I installed on a seperate computer and executing the preprocessing tests does not lead to a segmentation fault:

================= short test summary info =================
FAILED test/preprocess_tests/call_lineage_groups_test.py::TestCallLineageGroup::test_basic_grouping - AttributeError: 'DataFrame' object has no attribute 'a...
FAILED test/preprocess_tests/call_lineage_groups_test.py::TestCallLineageGroup::test_doublet - AttributeError: 'DataFrame' object has no attribute 'a...
FAILED test/preprocess_tests/call_lineage_groups_test.py::TestCallLineageGroup::test_filter_reassign - AttributeError: 'DataFrame' object has no attribute 'a...
FAILED test/preprocess_tests/call_lineage_groups_test.py::TestCallLineageGroup::test_format - AttributeError: 'DataFrame' object has no attribute 'a...
FAILED test/preprocess_tests/call_lineage_groups_test.py::TestCallLineageGroup::test_reassign - AttributeError: 'DataFrame' object has no attribute 'a...
FAILED test/preprocess_tests/resolve_umi_sequence_test.py::TestResolveUMISequence::test_filter_by_reads - ValueError: setting an array element with a sequence. ...
======== 6 failed, 70 passed, 2 warnings in 23.26s ========

so it seems there is indeed a problem with some dependencies. I did indeed deviate from the installation instructions and build Cassiopeia via poetry build and installed the resulting wheel into a virtual environment. I will double check my dependencies and try with a new virtualenvironment.

I'm running on:

mattjones315 commented 1 year ago

Hi @syntonym,

Great thanks so much. For what it's worth, you are getting those errors in the second build because pandas v2.0.1 has breaks some of the code in the preprocessing module. I noticed it last week and made some changes in a PR that is yet to be merged in (it includes other features). I'll move those pandas 2.0.1 changes over and merge it into our main branch.
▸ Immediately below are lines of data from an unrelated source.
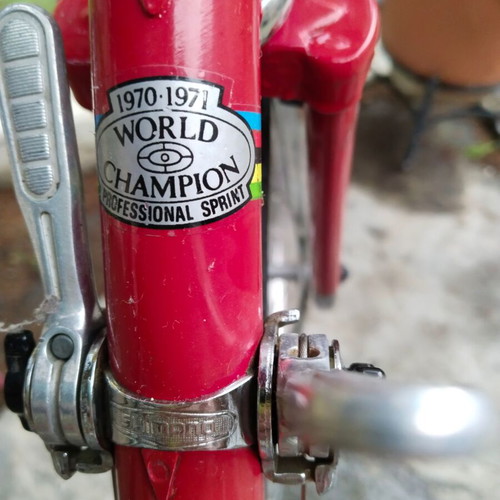 Team Raleigh Racing Collectible Bicycle like new, red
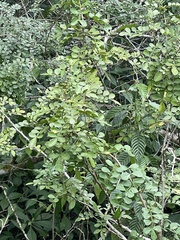 Zanthoxylum fagara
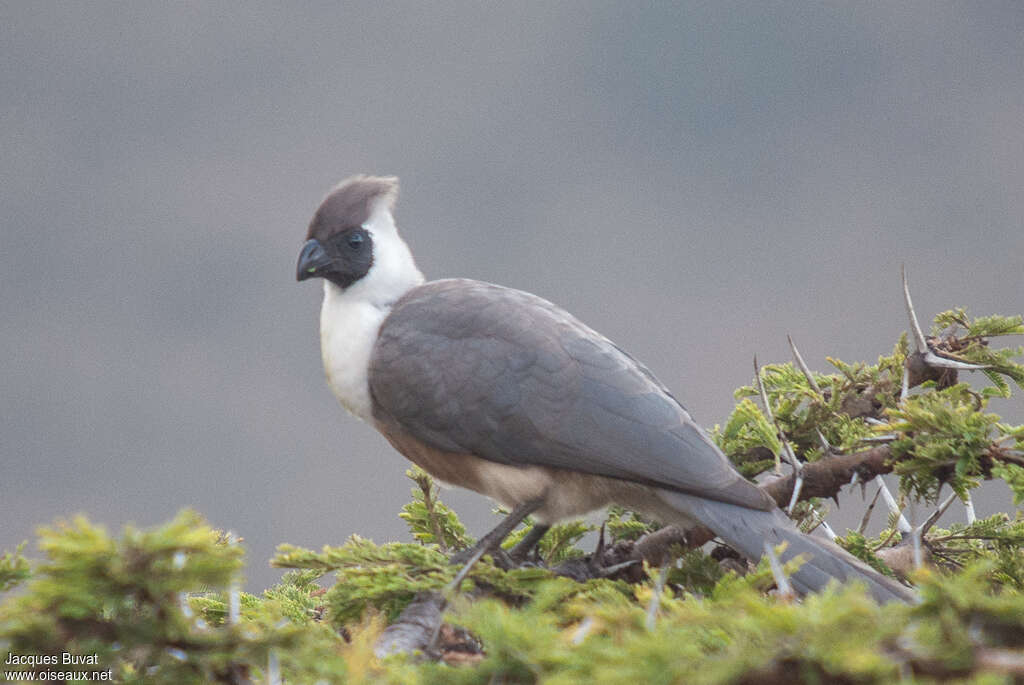 Bare-faced Go-away-birdadult breeding, close-up portrait, aspect, pigmentation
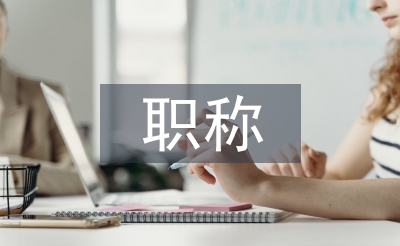 職稱(chēng)工作總結(jié)
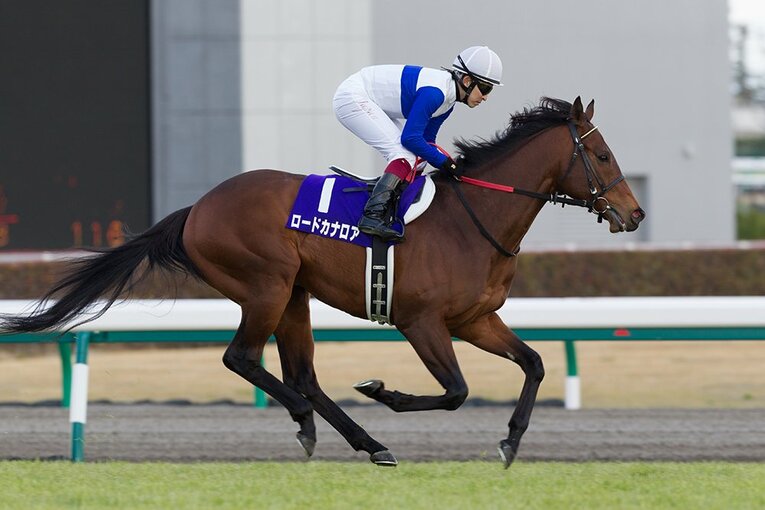 ロードカナロア ／ photograph by Getty Images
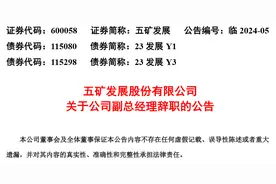 五矿发展股份有限公司副总经理朱江辞职图片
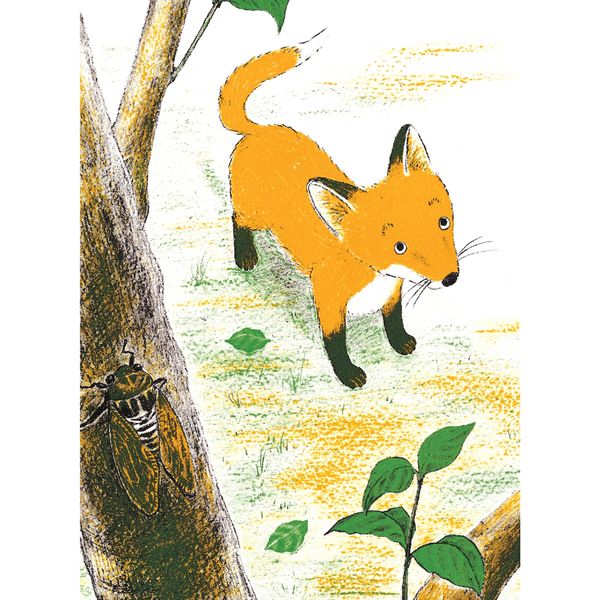 Tìm thấy rồi nhé! - Tủ sách nuôi dưỡng tâm hồn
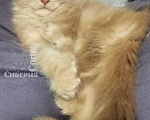 Кошки в Кемерово: Котик Мейн-кун Мальчик, 40 000 руб. - фото 3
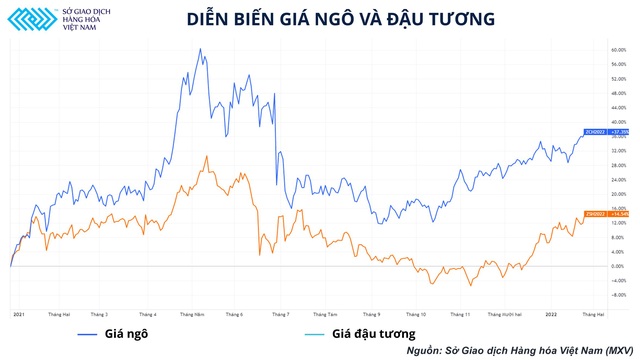 Tấm khiên nào cho doanh nghiệp Việt giữa lúc nguyên liệu thức ăn chăn nuôi đua nhau lập đỉnh? - Ảnh 1.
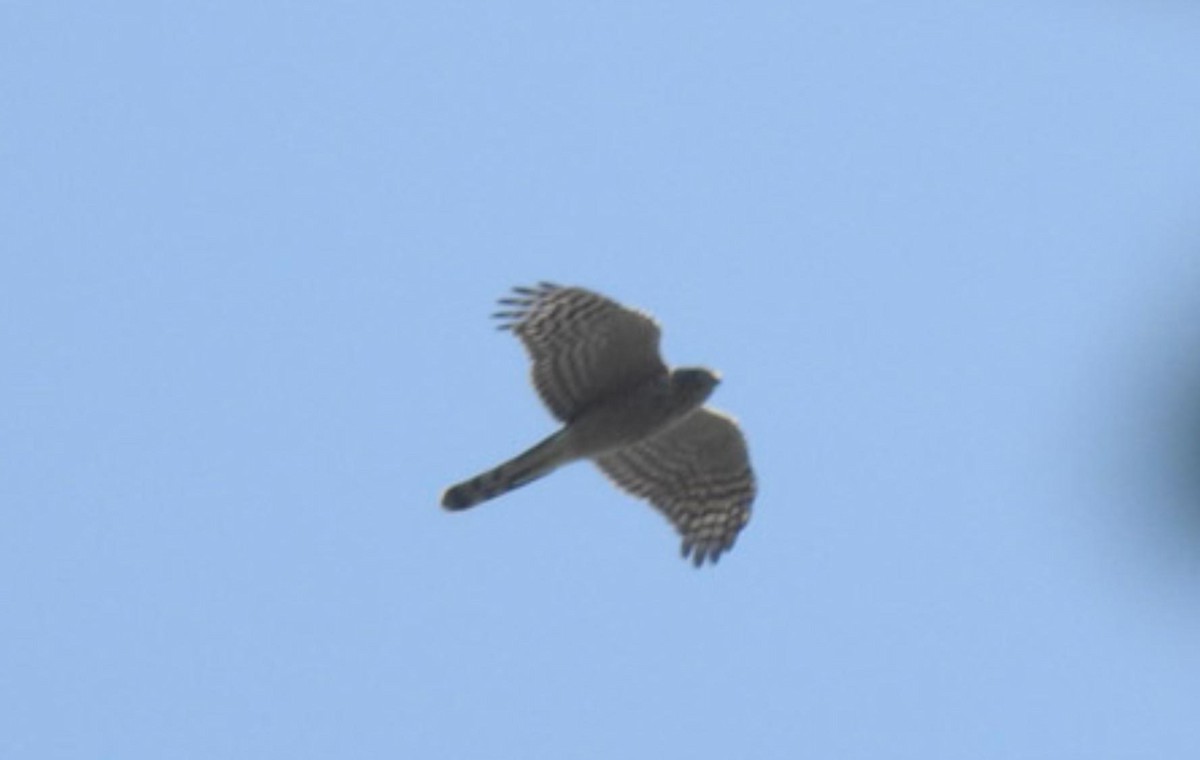 Eurasian Sparrowhawk - ML495606801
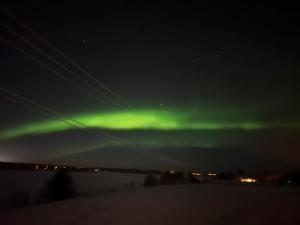 Riverside Cottage Aalto Borealis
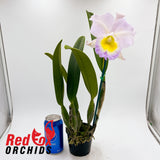 Rhyncholaeliocattleya Hawaiian Jubilee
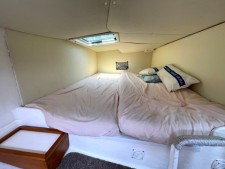 BWSeaCat Classic 995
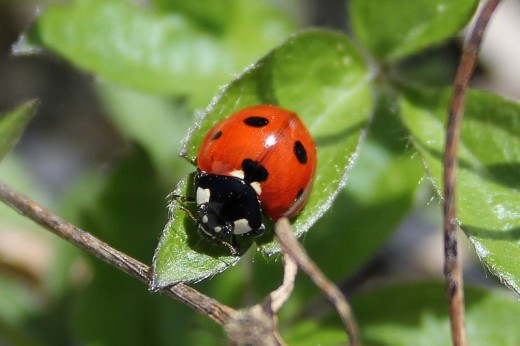 An adult ladybird.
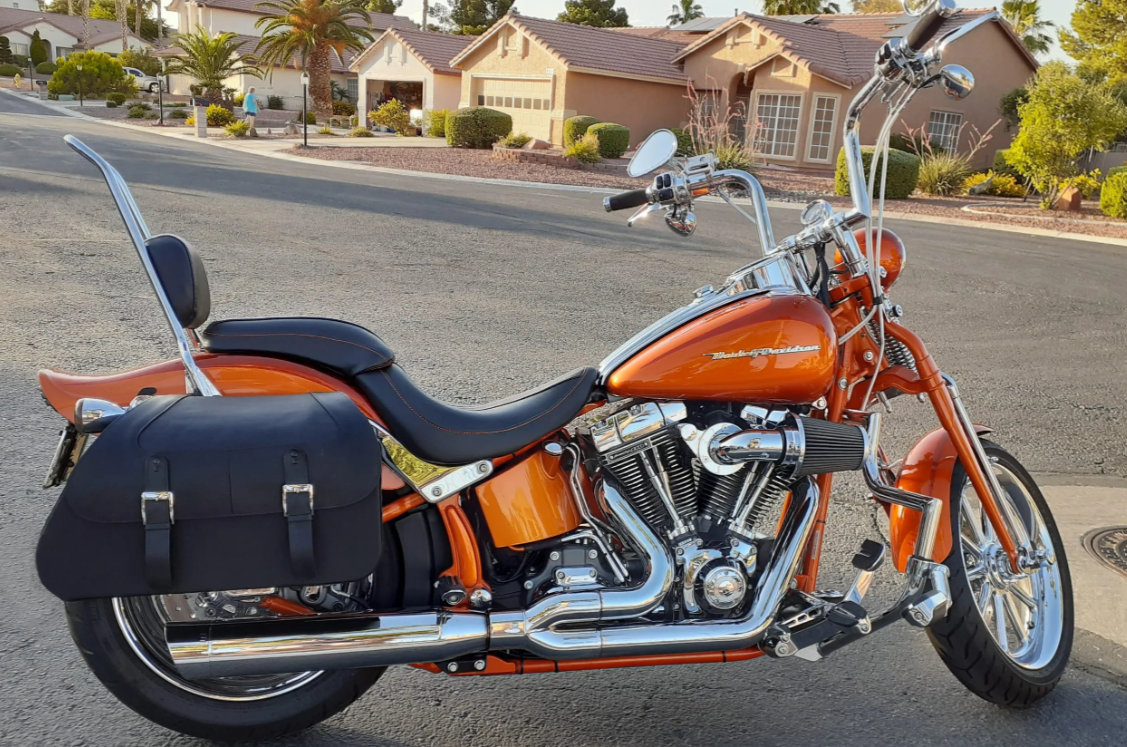580F- Saddleline Harley-Davidson Softail Springer FXSTS & FXSTSI Saddlebags With Quick detaching Mounting Hardware.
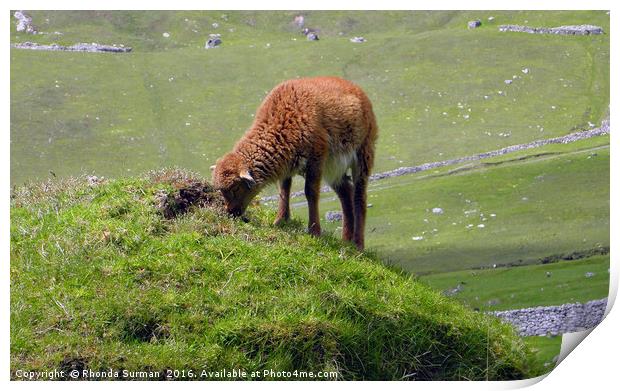 Soay lamb on Cleit Print by Rhonda Surman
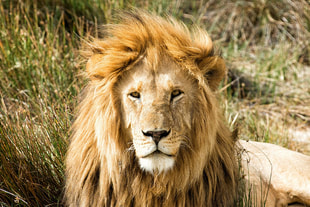 close up photo of a big lion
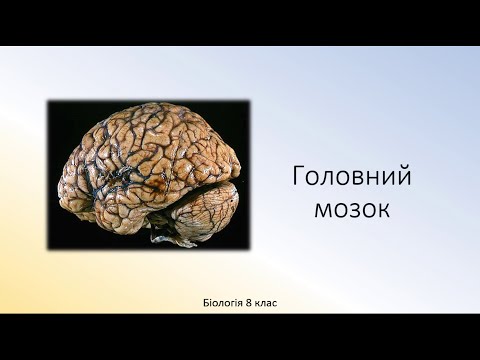 Біологія людини. Головний мозок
As for the segmentation fault, we haven't built with poetry before so I wonder if it is installing different versions of dependencies, or is not compiling code correctly. The only package differences that I have here are pysam 0.20.0 and numba 0.56.4. Does downgrading to either of these versions fix the segmentation fault? What is different with the second computer that does not cause a segmentation fault?

Thanks, Matt

mattjones315 commented 1 year ago

Just a quick update - pushed code that fixes breaking changes in pandas>2.0.0 in #199

syntonym commented 1 year ago

I recompiled all dependencies, but the problem still remained on the first computer. As I can not reproduce the problem on the second computer with the same package versions, I suspect that something goes wrong when I compile either pysam or ngs-tools. As this is a problem with my compilation environment, there is nothing Cassoipeia can really do about this and I'll close the issue. I will try to get access to a different cluster.

Thanks for your quick and insightful replies!